Whether the team is a long-established practice group or has been set up for a fixed period of time to carry out a large piece of work, the secretarial and PA work will literally be that team’s support. If you think of the team’s task as building a house, the secretarial/PA work constitutes the house’s foundations. 

Like those foundations, the work isn’t seen; but if it isn’t there, the house would not stand. In other words, your role in the team is vital. Diaries have to be synced, meetings have to be arranged, clients have to be kept informed, documents have to be checked in and out and be easy to find, and the team’s own documents have to be prepared, vetted and kept in order, so that the team’s main objective can be met on time. All of these tasks, when well and efficiently done, speed up the team’s work rate and contribute greatly to the fee-earners’ efficiency. 

Putting the team’s objectives first should mean that you contribute your specialist knowledge as part of the overall effort. Lawyers (and other team leaders) may well have ambitious plans for virtual meetings, intermediate deadlines or the production of documents that you believe are either (a) impossible or (b) can be more efficiently done some other way. 

There may also be office internal procedures that the team leader hasn’t taken into account and which might adversely affect the deadline: the time it takes to authorise expenditure, for example, or the availability of office resources like scanning machines or booking out meeting rooms. If there are problems like this that the team needs to get around, be sure wherever you can to offer a solution as well as bring their attention to the problem. 

Reliability is another key attribute of a good team player, but this should not mean “available without question at very short notice 24:7” unless that was part of the deal when the team was formed. Reliability is much more about delivering what you agreed to deliver, finished and on time, and making sure that you communicate with the rest of the team if you encounter problems. 

This brings us to the other key skill of a good team player, which is the ability to work well with other people. For this you need the ability to communicate clearly and appropriately with other team members. 

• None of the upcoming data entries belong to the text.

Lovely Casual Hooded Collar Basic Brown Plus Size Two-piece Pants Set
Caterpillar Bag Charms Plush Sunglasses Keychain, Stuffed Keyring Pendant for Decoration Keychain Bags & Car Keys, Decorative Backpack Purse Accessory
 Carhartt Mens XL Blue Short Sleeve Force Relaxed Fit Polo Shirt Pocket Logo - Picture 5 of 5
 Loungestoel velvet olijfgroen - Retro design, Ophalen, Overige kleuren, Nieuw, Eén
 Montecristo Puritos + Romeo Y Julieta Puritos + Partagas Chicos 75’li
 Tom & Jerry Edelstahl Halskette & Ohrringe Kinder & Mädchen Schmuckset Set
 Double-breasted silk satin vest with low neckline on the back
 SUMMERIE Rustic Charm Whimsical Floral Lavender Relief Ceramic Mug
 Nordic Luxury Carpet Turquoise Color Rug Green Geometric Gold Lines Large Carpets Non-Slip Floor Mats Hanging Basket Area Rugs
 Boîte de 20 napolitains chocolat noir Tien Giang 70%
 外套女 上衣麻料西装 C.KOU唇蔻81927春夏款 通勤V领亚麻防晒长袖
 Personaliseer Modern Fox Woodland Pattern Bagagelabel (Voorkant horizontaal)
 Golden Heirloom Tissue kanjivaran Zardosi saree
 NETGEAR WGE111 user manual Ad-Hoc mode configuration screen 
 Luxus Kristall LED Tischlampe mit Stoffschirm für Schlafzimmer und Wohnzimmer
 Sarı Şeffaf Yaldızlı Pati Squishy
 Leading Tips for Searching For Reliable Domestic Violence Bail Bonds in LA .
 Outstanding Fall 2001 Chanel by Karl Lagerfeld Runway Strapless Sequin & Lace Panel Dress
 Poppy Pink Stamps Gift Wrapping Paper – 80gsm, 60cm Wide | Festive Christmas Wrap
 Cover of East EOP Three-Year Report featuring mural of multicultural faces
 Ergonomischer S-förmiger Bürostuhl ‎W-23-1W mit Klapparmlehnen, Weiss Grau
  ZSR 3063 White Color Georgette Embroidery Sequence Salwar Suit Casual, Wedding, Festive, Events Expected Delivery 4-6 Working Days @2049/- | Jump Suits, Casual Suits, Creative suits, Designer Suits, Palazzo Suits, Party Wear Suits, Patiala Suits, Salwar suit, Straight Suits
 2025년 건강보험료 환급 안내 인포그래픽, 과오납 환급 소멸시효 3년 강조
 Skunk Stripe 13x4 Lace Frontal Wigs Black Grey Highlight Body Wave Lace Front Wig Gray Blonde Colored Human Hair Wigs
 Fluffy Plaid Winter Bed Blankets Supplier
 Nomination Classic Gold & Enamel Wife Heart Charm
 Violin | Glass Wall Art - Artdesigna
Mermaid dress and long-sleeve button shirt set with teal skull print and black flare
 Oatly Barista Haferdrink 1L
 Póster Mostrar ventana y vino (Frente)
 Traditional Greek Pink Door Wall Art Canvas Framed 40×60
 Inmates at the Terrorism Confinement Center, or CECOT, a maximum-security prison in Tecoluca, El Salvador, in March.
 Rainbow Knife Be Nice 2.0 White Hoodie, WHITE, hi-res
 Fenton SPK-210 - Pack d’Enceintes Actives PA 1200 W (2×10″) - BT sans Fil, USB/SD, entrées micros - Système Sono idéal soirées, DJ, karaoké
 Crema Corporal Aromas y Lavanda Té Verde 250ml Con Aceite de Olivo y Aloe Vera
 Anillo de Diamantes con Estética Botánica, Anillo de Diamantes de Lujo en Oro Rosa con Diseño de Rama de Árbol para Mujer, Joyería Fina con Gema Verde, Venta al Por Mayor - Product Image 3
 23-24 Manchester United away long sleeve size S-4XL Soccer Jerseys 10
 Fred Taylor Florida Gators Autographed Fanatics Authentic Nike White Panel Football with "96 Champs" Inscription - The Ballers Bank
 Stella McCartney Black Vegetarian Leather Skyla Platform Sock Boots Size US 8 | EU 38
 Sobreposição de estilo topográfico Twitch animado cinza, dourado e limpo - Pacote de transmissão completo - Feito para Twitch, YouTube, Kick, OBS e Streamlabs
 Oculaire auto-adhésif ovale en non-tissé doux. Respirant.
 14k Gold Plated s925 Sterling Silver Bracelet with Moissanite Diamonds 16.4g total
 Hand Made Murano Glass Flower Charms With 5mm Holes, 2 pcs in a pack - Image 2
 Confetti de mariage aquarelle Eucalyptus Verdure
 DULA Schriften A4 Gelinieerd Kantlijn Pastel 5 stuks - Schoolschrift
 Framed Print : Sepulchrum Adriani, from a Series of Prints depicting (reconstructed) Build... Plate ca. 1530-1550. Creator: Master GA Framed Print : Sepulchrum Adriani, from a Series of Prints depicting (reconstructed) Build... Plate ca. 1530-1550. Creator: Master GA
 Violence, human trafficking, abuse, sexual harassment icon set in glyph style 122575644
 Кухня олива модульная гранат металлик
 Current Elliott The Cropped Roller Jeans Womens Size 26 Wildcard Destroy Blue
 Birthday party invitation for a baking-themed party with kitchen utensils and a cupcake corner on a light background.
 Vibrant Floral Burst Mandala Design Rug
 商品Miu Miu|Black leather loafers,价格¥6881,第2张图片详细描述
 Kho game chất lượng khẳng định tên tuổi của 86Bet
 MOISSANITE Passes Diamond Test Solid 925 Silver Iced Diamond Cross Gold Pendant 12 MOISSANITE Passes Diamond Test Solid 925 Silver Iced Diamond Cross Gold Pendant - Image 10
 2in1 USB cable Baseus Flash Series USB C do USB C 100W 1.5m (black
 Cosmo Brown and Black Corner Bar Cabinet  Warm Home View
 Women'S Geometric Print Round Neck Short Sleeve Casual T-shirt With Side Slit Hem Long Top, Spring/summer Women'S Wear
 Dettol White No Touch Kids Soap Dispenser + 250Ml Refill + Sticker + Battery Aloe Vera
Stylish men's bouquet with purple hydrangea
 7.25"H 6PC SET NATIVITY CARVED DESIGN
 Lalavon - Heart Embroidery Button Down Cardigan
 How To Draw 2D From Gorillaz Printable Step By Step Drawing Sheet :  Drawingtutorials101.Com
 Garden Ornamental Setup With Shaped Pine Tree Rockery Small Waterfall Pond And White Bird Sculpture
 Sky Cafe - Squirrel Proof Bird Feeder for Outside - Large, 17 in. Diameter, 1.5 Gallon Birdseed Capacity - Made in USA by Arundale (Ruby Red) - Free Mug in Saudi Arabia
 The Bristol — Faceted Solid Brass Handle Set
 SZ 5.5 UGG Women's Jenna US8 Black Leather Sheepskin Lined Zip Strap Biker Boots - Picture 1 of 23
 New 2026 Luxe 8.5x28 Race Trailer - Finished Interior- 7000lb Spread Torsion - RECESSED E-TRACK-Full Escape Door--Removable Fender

This can be a particular problem when you have been drafted into a temporary team with a specific, short-term task like preparation of a very large commercial contract. You may not know the other people in the team very well, and there may be difficult characters among the fee earners. 

Tact and discretion are the watchwords here. Try not to get too involved in the group’s negative thinking. In fact, a strongly positive attitude amongst the support staff can often lessen the effect of other disgruntled team members: as a secretary, you can have a major influence on how happily the team works together on a day-to-day basis, because you are one of their main points of contact and you and the other support staff often set the overall tone in the office. Lawyers in a very stressful and difficult team will be particularly grateful to support staff who can go about their work competently and without drama. 

It’s strange but true that putting the team’s objectives before your own and working on those sometimes invisible tasks can be your best opportunities as a Secretary or PA to shine and really prove your worth, not just to your immediate boss, but to all of the other members of the team. Make sure you make the most of the chance if it comes along.